While some may say that it is some sort of sign that Granite 'gave up,' I don't think that's fair. No one was giving up. This was a resilient team and a bunch of gritty players. Granite wasn't giving up, but somehow his footwork got messed up to completely miss the bag. It's something that does happen, but you don't want it to happen in a playoff game, and unfortunately, it ends up being almost a microcosm of the Twins/Yankees situation.
The Twins lost 8-4 in New York and the streak continues. Unfortunately, the Twins season comes to an end, but it's hard to look at the Twins 2017 season as anything but a huge success.
The Twins improved by 26 wins, jumping from 59 to 85. While some may choose to say that this team just could not match up with the top four teams in the AL (Cleveland, Houston, Boston, New York), they were able to beat all of the rest of the teams in the league by five games.

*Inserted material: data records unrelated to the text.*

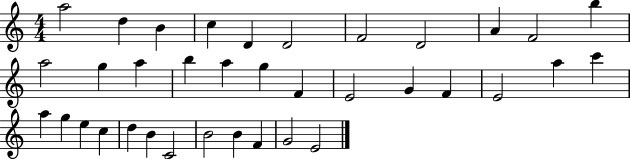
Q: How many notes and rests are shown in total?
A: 36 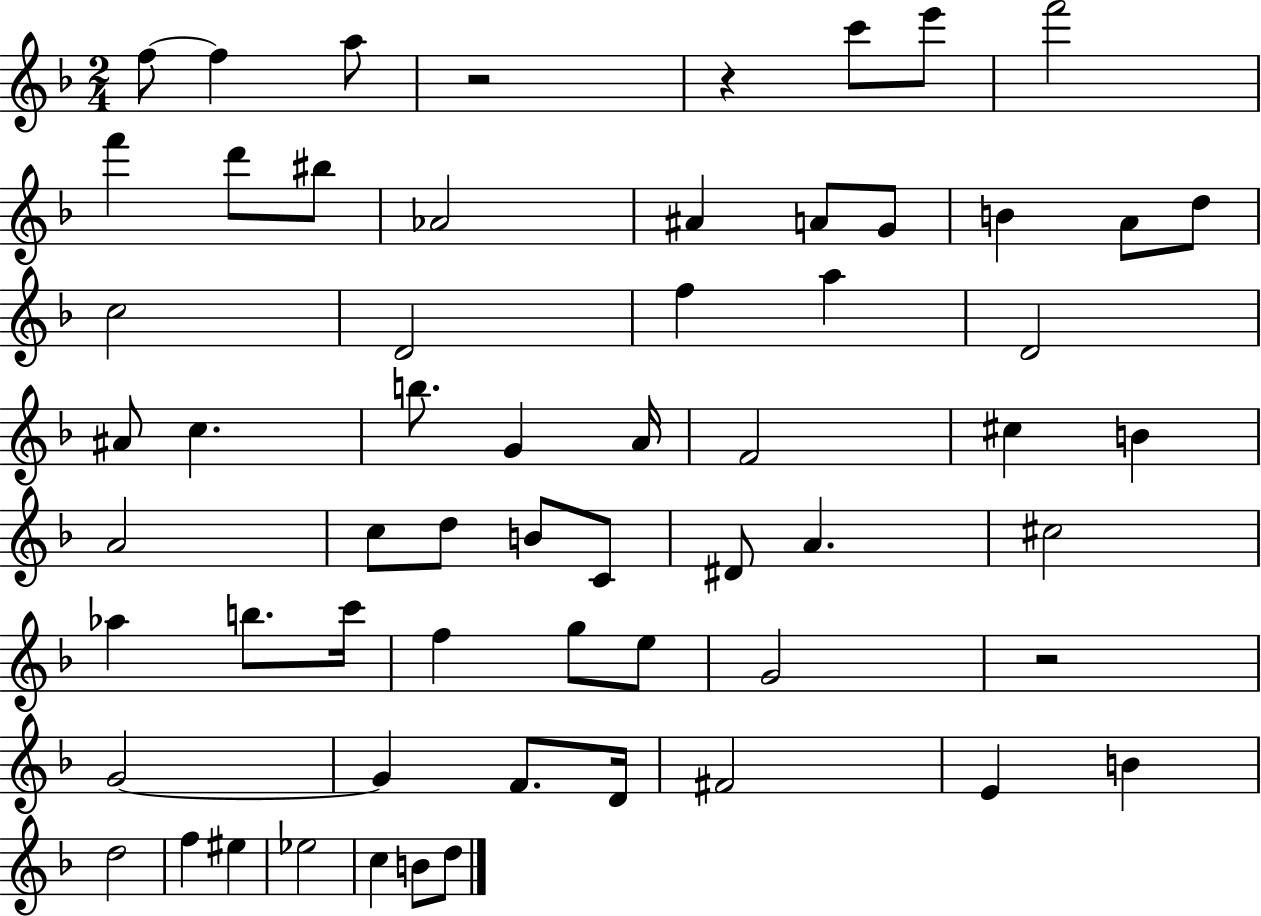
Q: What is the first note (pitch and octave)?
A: F5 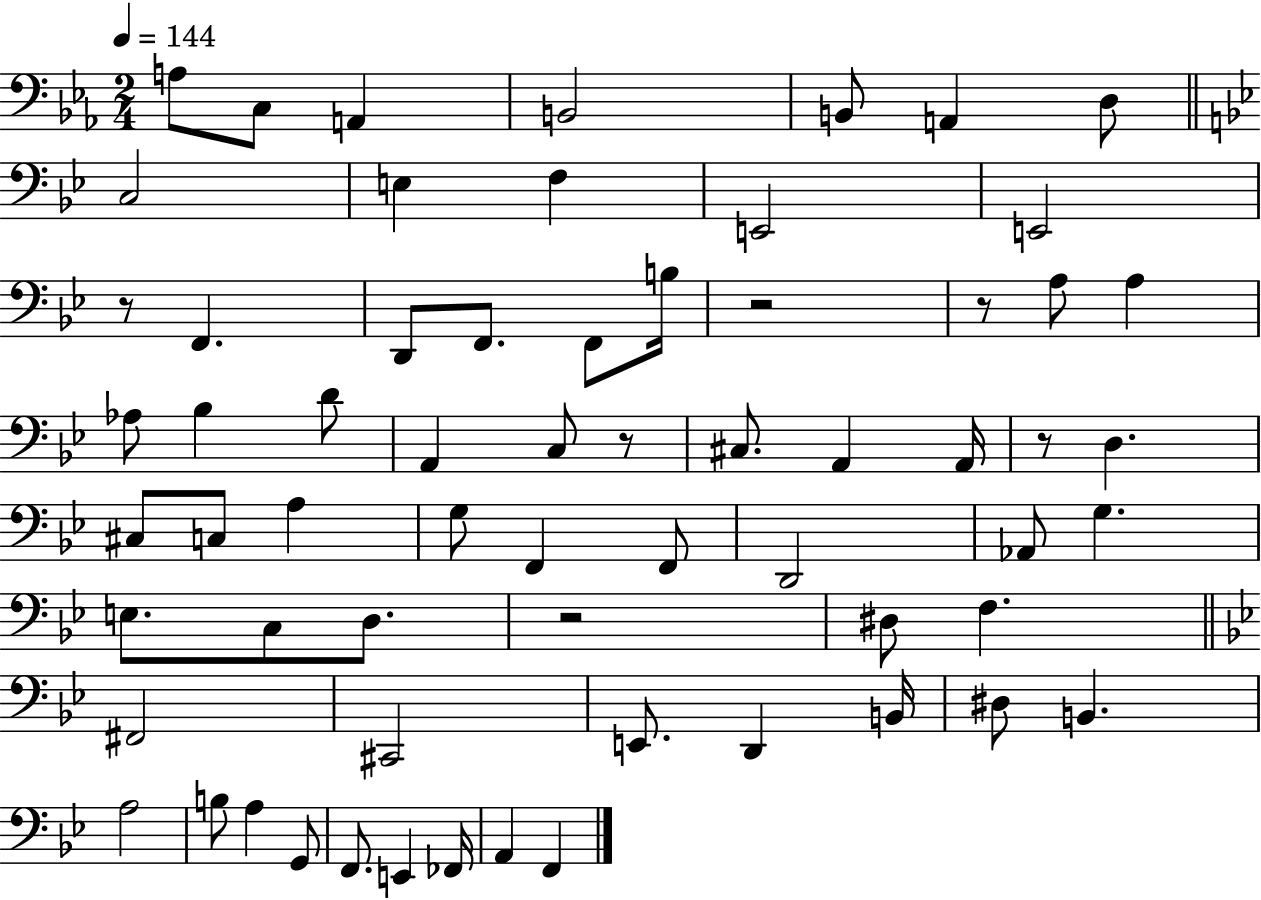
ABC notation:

X:1
T:Untitled
M:2/4
L:1/4
K:Eb
A,/2 C,/2 A,, B,,2 B,,/2 A,, D,/2 C,2 E, F, E,,2 E,,2 z/2 F,, D,,/2 F,,/2 F,,/2 B,/4 z2 z/2 A,/2 A, _A,/2 _B, D/2 A,, C,/2 z/2 ^C,/2 A,, A,,/4 z/2 D, ^C,/2 C,/2 A, G,/2 F,, F,,/2 D,,2 _A,,/2 G, E,/2 C,/2 D,/2 z2 ^D,/2 F, ^F,,2 ^C,,2 E,,/2 D,, B,,/4 ^D,/2 B,, A,2 B,/2 A, G,,/2 F,,/2 E,, _F,,/4 A,, F,, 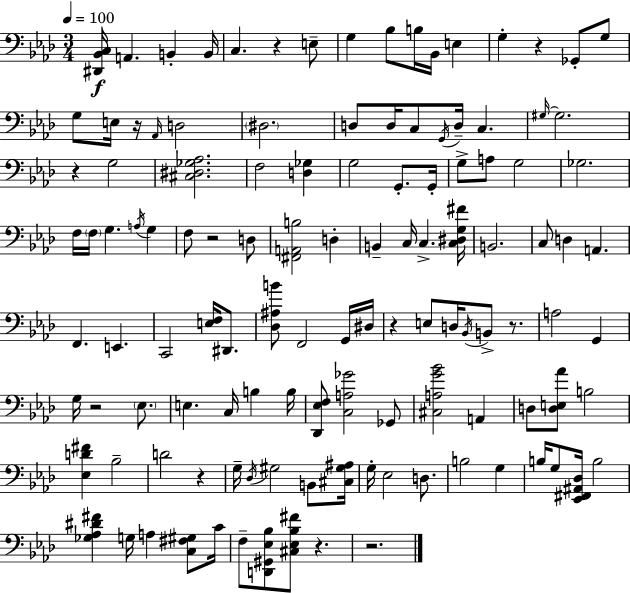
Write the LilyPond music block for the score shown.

{
  \clef bass
  \numericTimeSignature
  \time 3/4
  \key aes \major
  \tempo 4 = 100
  <dis, bes, c>16\f a,4. b,4-. b,16 | c4. r4 e8-- | g4 bes8 b16 bes,16 e4 | g4-. r4 ges,8-. g8 | \break g8 e16 r16 \grace { aes,16 } d2 | \parenthesize dis2. | d8 d16 c8 \acciaccatura { g,16 } d16-- c4. | \grace { gis16~ }~ gis2. | \break r4 g2 | <cis dis ges aes>2. | f2 <d ges>4 | g2 g,8.-. | \break g,16-. g8-> a8 g2 | ges2. | f16 \parenthesize f16 g4. \acciaccatura { a16 } | g4 f8 r2 | \break d8 <fis, a, b>2 | d4-. b,4-- c16 c4.-> | <c dis g fis'>16 b,2. | c8 d4 a,4. | \break f,4. e,4. | c,2 | <e f>16 dis,8. <des ais b'>8 f,2 | g,16 dis16 r4 e8 d16 \acciaccatura { bes,16 } | \break b,8-> r8. a2 | g,4 g16 r2 | \parenthesize ees8. e4. c16 | b4 b16 <des, ees f>8 <c a ges'>2 | \break ges,8 <cis a g' bes'>2 | a,4 d8 <d e aes'>8 b2 | <ees d' fis'>4 bes2-- | d'2 | \break r4 g16-- \acciaccatura { des16 } gis2 | b,8 <cis gis ais>16 g16-. ees2 | d8. b2 | g4 b16 g8 <ees, fis, ais, des>16 b2 | \break <ges aes dis' fis'>4 g16 a4 | <c fis gis>8 c'16 f8-- <d, gis, ees bes>8 <cis ees bes fis'>8 | r4. r2. | \bar "|."
}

So yes, they are "just" the fifth best team in the American League, but when they were the worst team in all of baseball in 2016, being the fifth best team in their league is pretty good.
There are a lot of questions for Derek Falvey and Thad Levine to consider. One is will they be more active than last year. Their first decision will have to be whether or not to keep manager Paul Molitor or bring in their own manager. How will that affect the rest of the coaching staff. Many more front office decisions are likely, and that's all before even getting to the on-field decisions they have to make.
Derek Falvey and Thad Levine deserve a lot of credit. They've begun to implement their systems and a new culture. It's clear that it is much more analytical than a year earlier and it will continue to emerge as more analytical. The coaches and players will have more and more information.
But Terry Ryan and Bill Smith and Rob Antony deserve a lot of credit too. They brought in much of the core of the 2017 and helped their development by being patient and pushing them at an appropriate pace.
Brad Steil and his staff deserve credit for the player development in recent years that brought this team of young core players .
The managers and coaching staffs in the minor leagues deserve a lot of credit as well for developing these players.
James Rowson has earned and been given a lot of credit for his work with the young hitters, especially Eddie Rosario, Jorge Polanco and Byron Buxton. Jeff Pickler worked with the outfielders, but part of his job title involved being a liaison between player development and the big league coaching staff.